§ PROBLEM STATEMENT
Restate word for word the lines below from the one that has "The Words Co Remember Boho Wood Decor" through the one that has "120 lame rosse", keeping both and dropping all pictures.

Start of EXCERPTED DATA

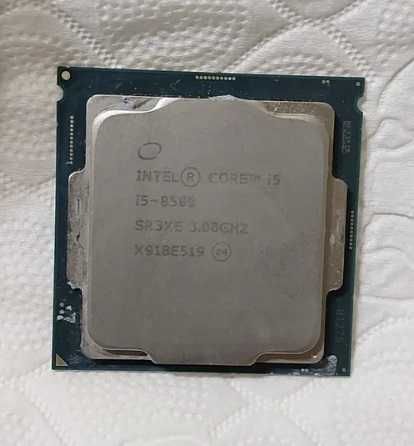 i5 8500, 6-ядрен, LGA 1151 процесор 8-мо поколение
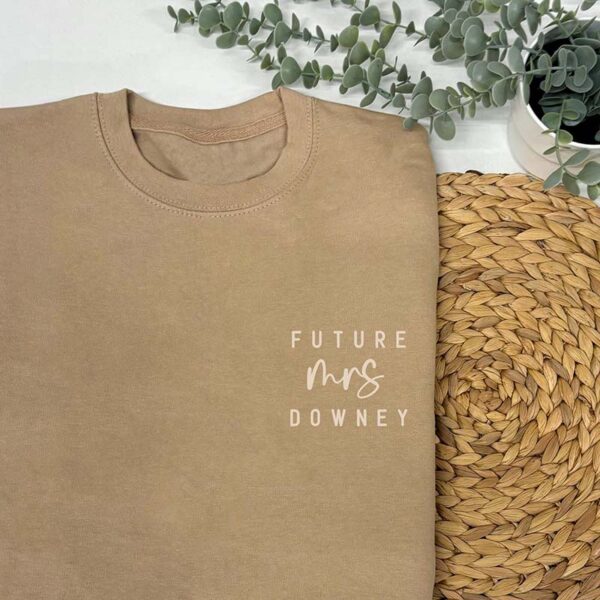Future Mrs Sweatshirt - Desert Sand and White Print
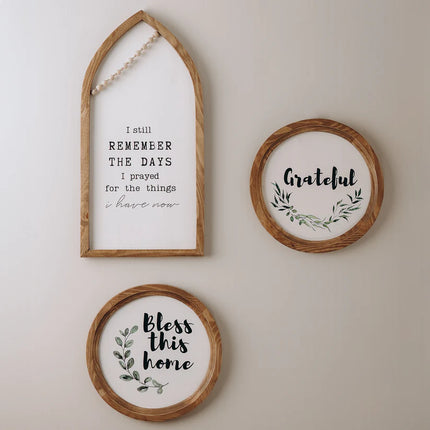 The Words Co Remember Boho Wood Decor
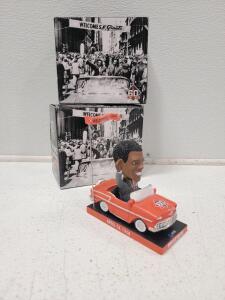 (2) San Francisco SF Giants Willie Mays 60th Anniversary "Welcome!" Bobblehead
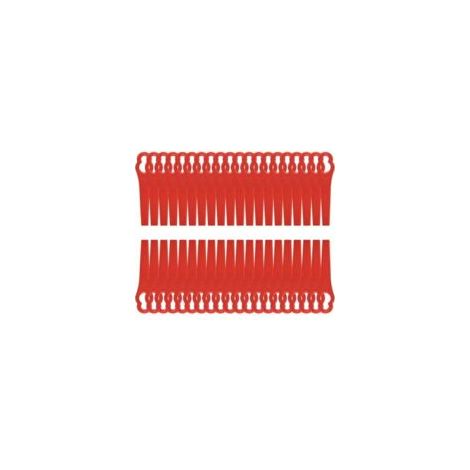 120 lame rosse per bordatore di tosaerba, lame di ricambio in plastica da 8,5 cm, lame per bordatore di tosaerba per giardino e prato (120 pezzi) H208 - Crezuo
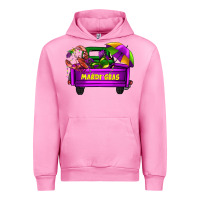Fuchsia Pink mardi grass umbrella with truck Urban Hoodie - AdoDesignShop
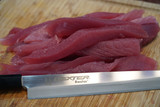 Look at these great slices with a Dexter 12" sashimi knife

End of EXCERPTED DATA

§ WRITTEN RESPONSE
 The Words Co Remember Boho Wood Decor
 (2) San Francisco SF Giants Willie Mays 60th Anniversary "Welcome!" Bobblehead
 120 lame rosse per bordatore di tosaerba, lame di ricambio in plastica da 8,5 cm, lame per bordatore di tosaerba per giardino e prato (120 pezzi) H208 - Crezuo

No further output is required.